1887. Óleo sobre lienzo. 400 x 750 cm. Virgilio Mattoni de la Fuente. Museo del Prado.

   Mattoni quiso inmortalizar en la pintura que iba a suponer su carta de presentación en la corte, un argumento de la historia de España que tuviera y una especial vinculación con su Sevilla natal, confluyendo en este episodio de los últimos momentos de Fernando III inmediatos a su muerte, ocurrida el 30 de mayo de 1252, elementos tan especialmente estimados por el género histórico como la agonía de un rey español en olor de santidad unida a la poderosa presencia del hecho religioso, teniendo en esta ocasión como marco los Reales Alcázares de la capital hispalense.

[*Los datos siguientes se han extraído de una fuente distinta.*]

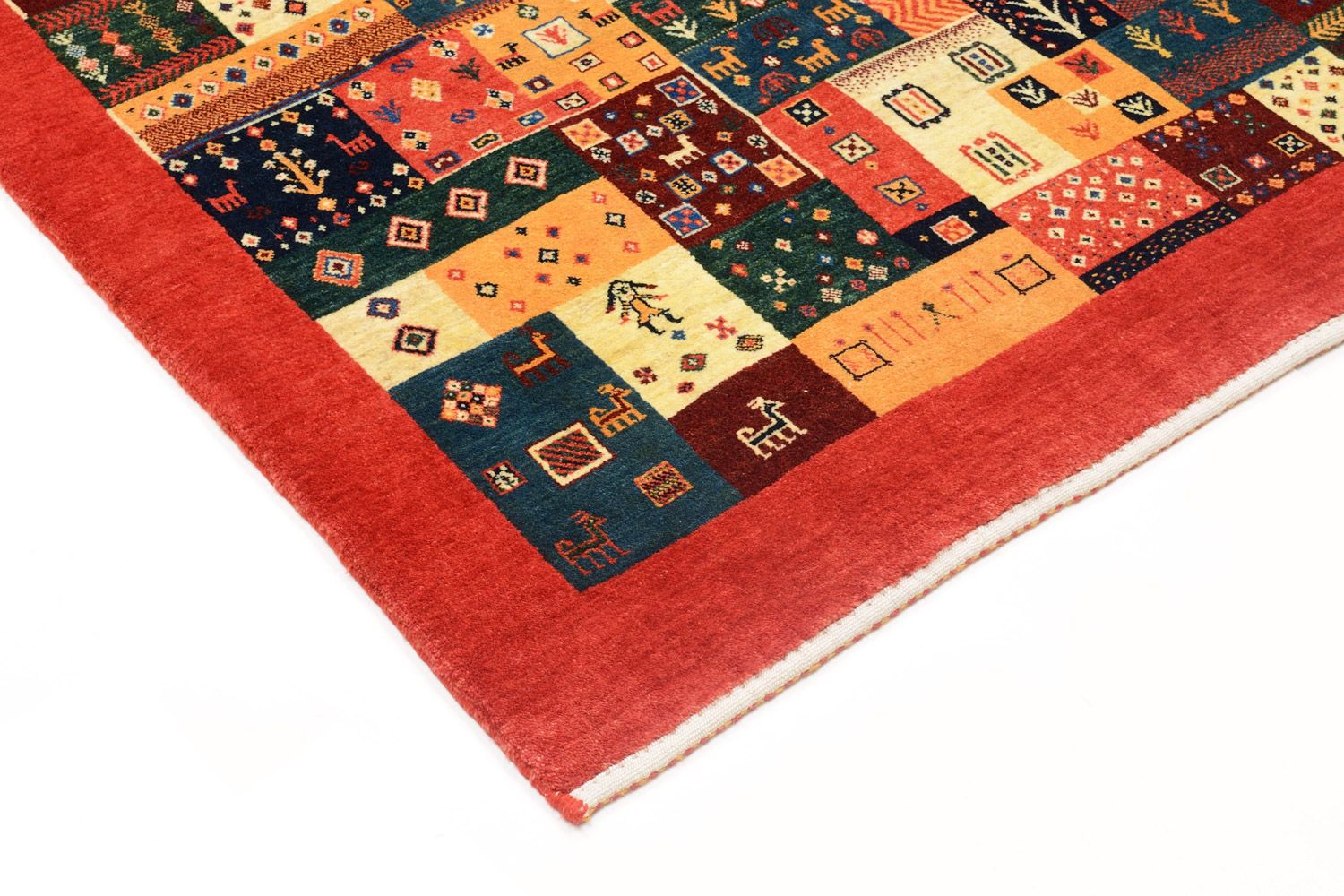 Alfombra Gabbeh - Loribaft Persa - 181 x 118 cm - rojo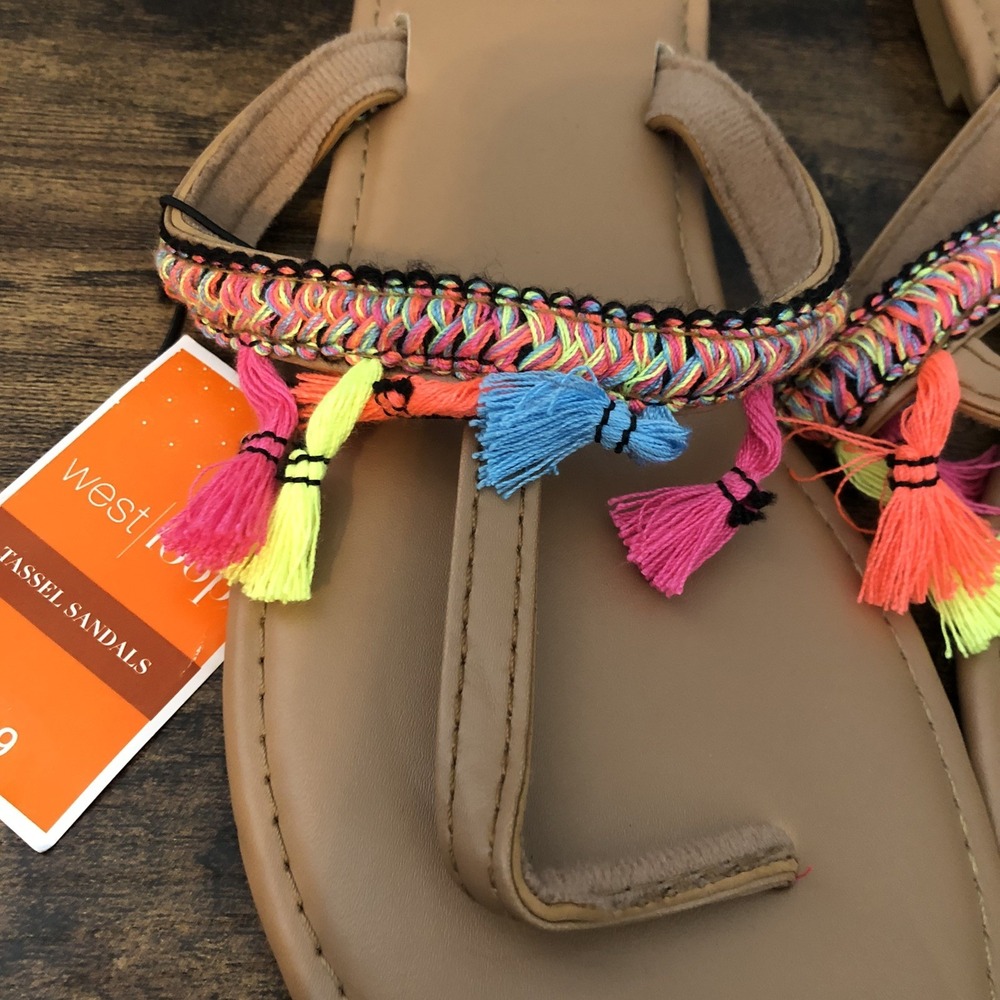 West Loop Womens Medium Size‎ 7/8  Tassal Sandals Colorful Boho Beach Flaw - Picture 8 of 12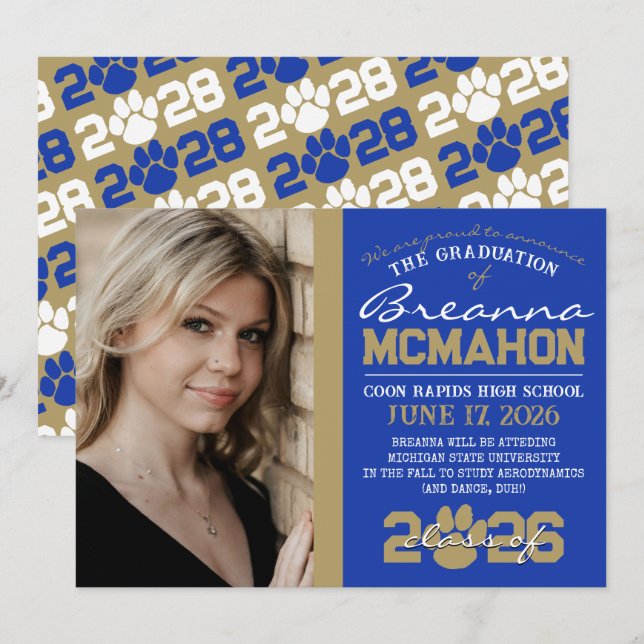 Blue & Bronze Paw Print Graduation Announcement (Front/Back)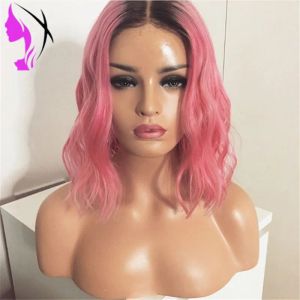 Wigs Hot Ombre Synthetische kant Vooraanpruik Warmte Resistent Pink Color Simulatie Haar haar Korte Bob -pruik voor zwarte vrouwen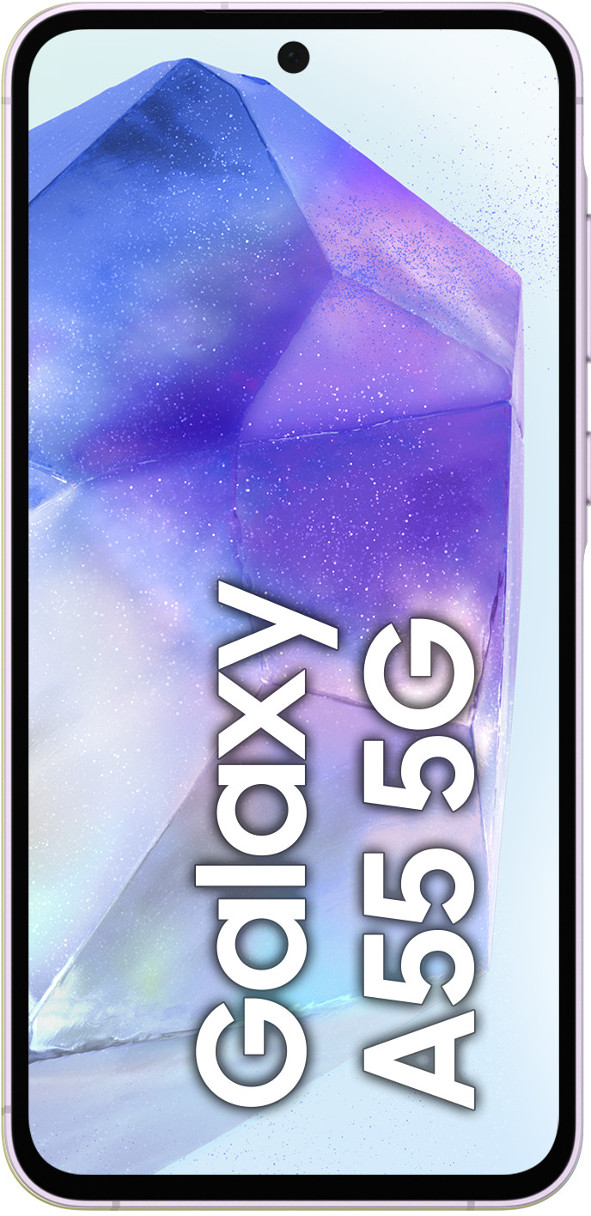 Telefon Samsung Galaxy A55 5G z fioletowo-białym tłem i napisem Galaxy A55 5G.
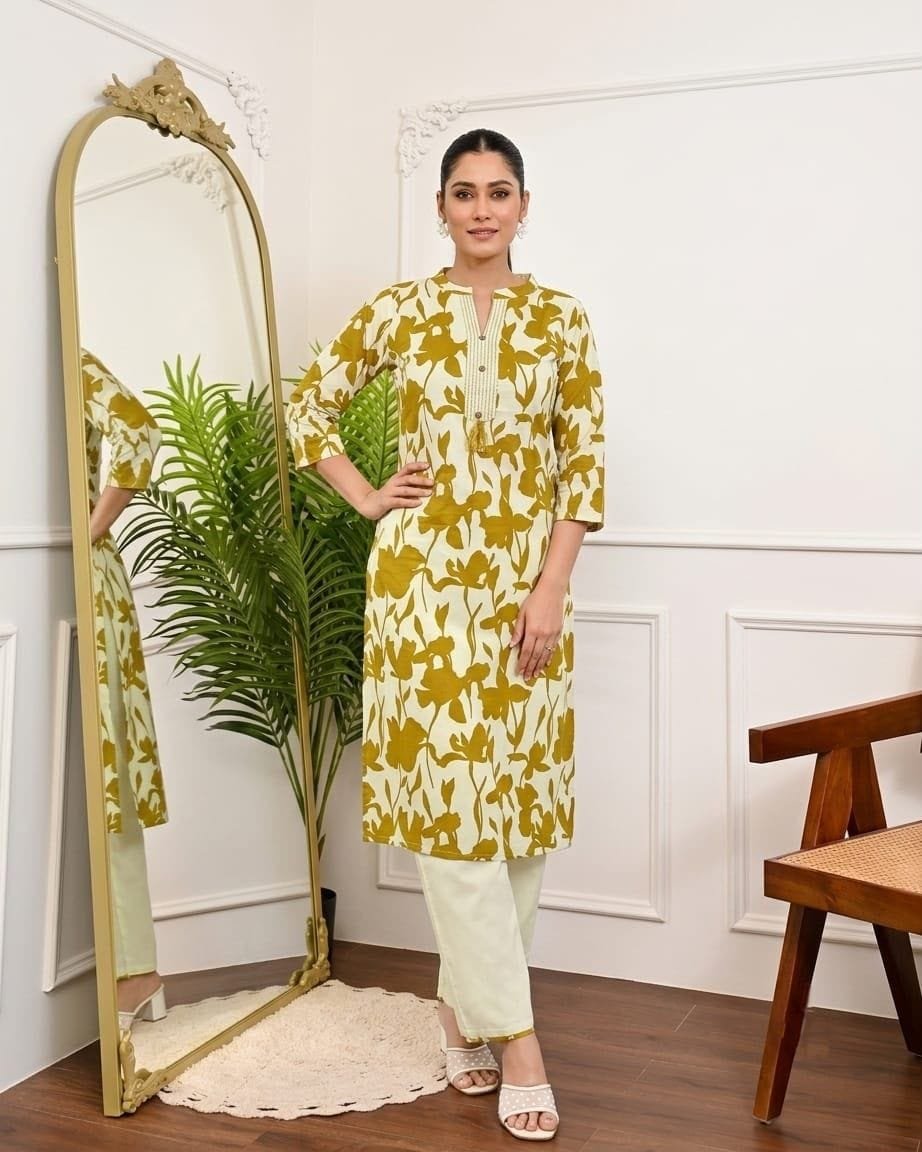 Khadi Cotton Co-ord Set - Olive Floral Print - KK Fashion Mart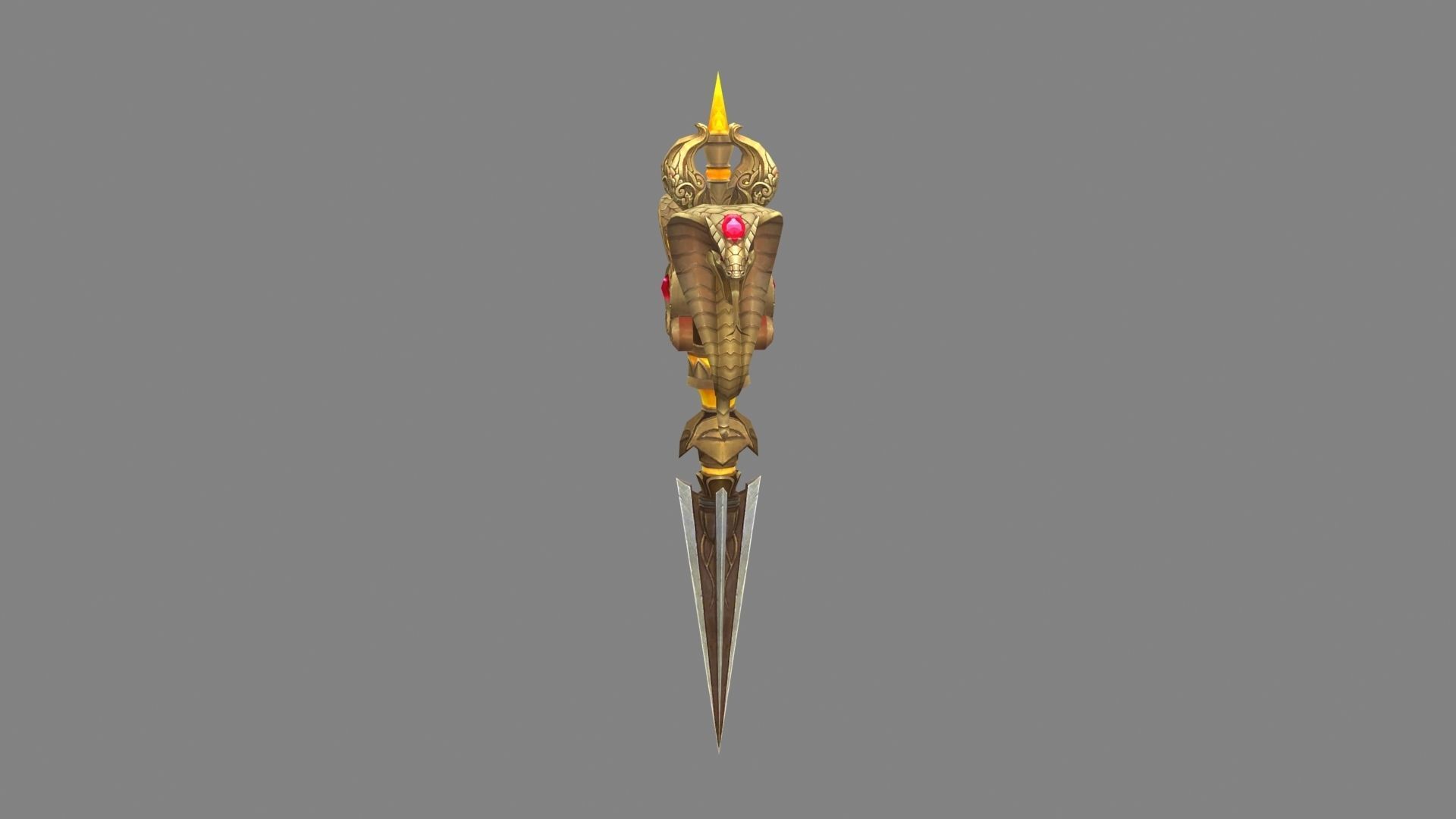 Gold Cobra Dagger - magic weapon Low-poly 3D model_1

   En su agonía, Fernando III acaba de saltar del lecho dispuesto en una sala del recién conquistado alcázar árabe, vestido con un simple camisón blanco y cubierta su cabeza de cenizas, con una que el rey tomó y se echó al cuello, cae de rodillas al suelo con los brazos en cruz sujeto por dos monjes, ante la visión de la Sagrada Forma, que alza en sus manos el arzobispo don Remondo, vestido de pontifical. A los pies del monarca, sobre un delgado cojín, descansan la corona, el cetro y la espada símbolos ya inservibles de su realeza, fielmente copiados de los existentes en la Capilla Real de la Catedral de Sevilla. En primer término, la reina doña Juana se desploma sobre el almohadón de su reclinatorio, llena de desesperación, mientras la contempla compasiva una de sus damas, arrodillada junto al báculo y la mitra del arzobispo. Al fondo, tras un bello arco polilobulado, se abre una capilla tenuemente alumbrada por dos lámpara de aceite, en la que se adivina un altar con la famosa Virgen de las Batallas, pequeña imagen de marfil que, según la tradición, llevaba siempre el rey Fernando III en el arzón de su silla de montar, y hoy se encuentra también en la Seo hispalense. Junto al muro permanecen arrodillados otros personajes de regia presencia, entre los que podrían identificarse a los infantes don Alfonso, don Juan y don Felipe y a la infanta doña Leonor, cubierta con un velo.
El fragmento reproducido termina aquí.